[Assignment] Reproduce exactly, and only, the lines of the material below running from the line bearing "Meets Intelligence 🤖🔥" through the line bearing "트럼프, 한국 방위비 분담금 추가 인상 발언 (PG)". Leave any pictures out.

[Data under study]
==================================================

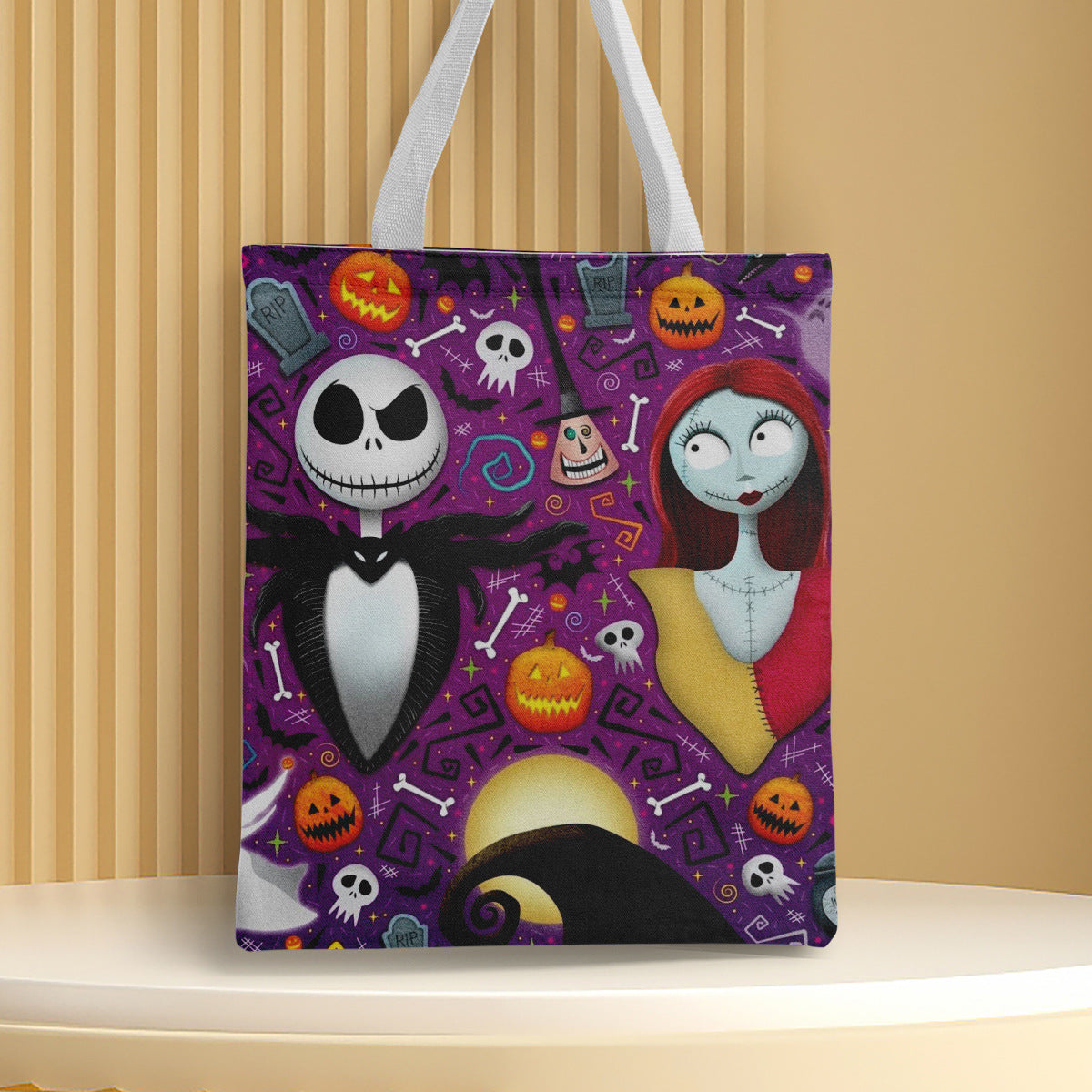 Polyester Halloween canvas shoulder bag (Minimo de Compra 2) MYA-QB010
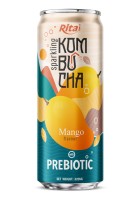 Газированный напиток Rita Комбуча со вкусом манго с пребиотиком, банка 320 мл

==================================================

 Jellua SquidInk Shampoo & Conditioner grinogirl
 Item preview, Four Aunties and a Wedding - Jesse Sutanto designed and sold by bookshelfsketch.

==================================================

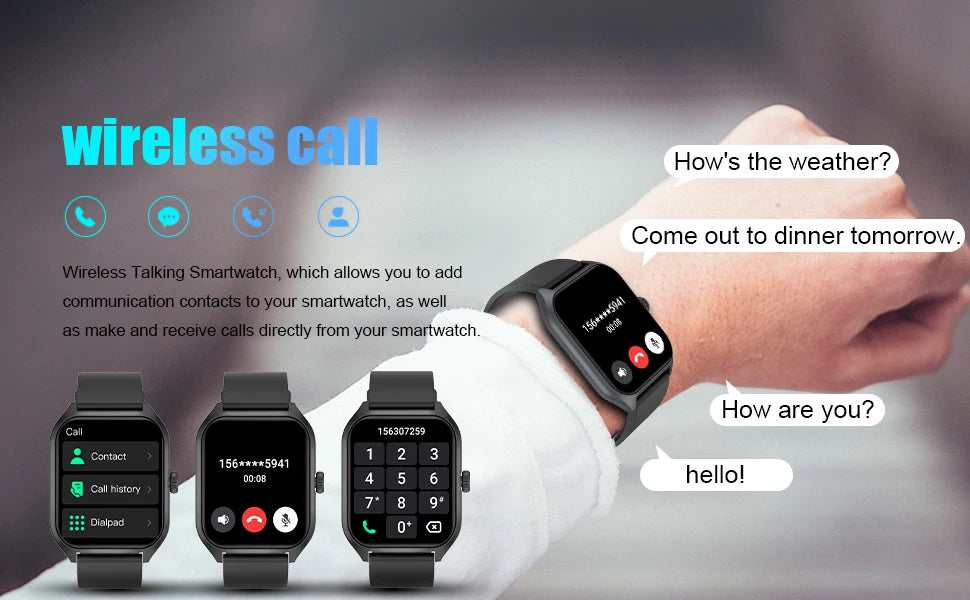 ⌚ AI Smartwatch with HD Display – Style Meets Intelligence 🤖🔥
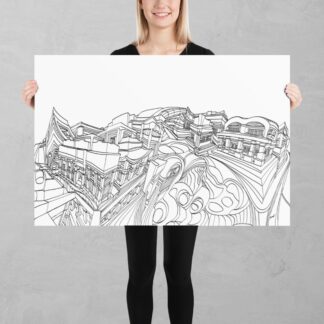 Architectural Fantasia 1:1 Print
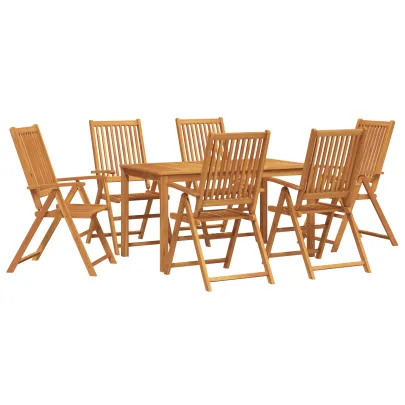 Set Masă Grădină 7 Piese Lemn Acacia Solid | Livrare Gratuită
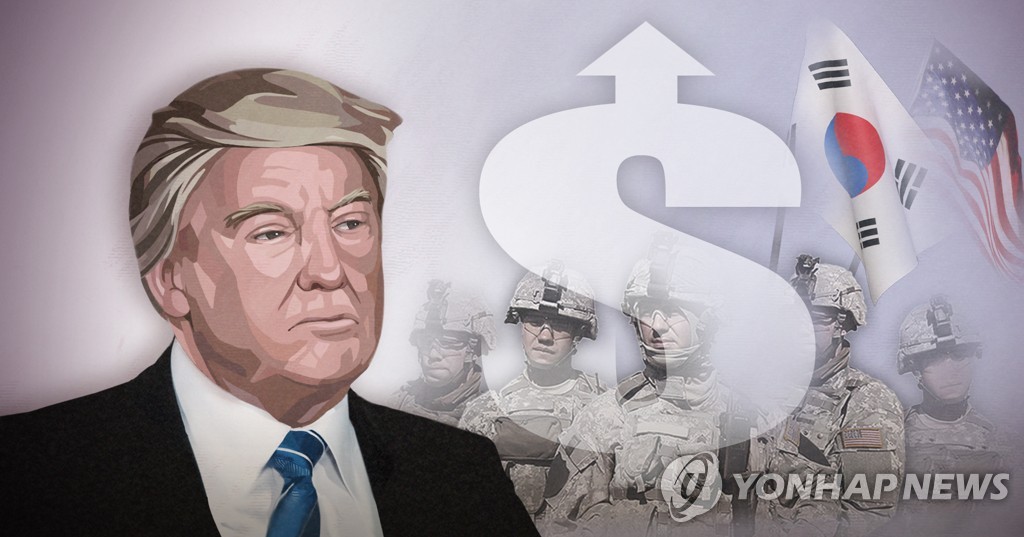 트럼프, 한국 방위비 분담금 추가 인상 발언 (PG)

==================================================

[Written answer]
 ⌚ AI Smartwatch with HD Display – Style Meets Intelligence 🤖🔥
 Architectural Fantasia 1:1 Print
 Set Masă Grădină 7 Piese Lemn Acacia Solid | Livrare Gratuită
 트럼프, 한국 방위비 분담금 추가 인상 발언 (PG)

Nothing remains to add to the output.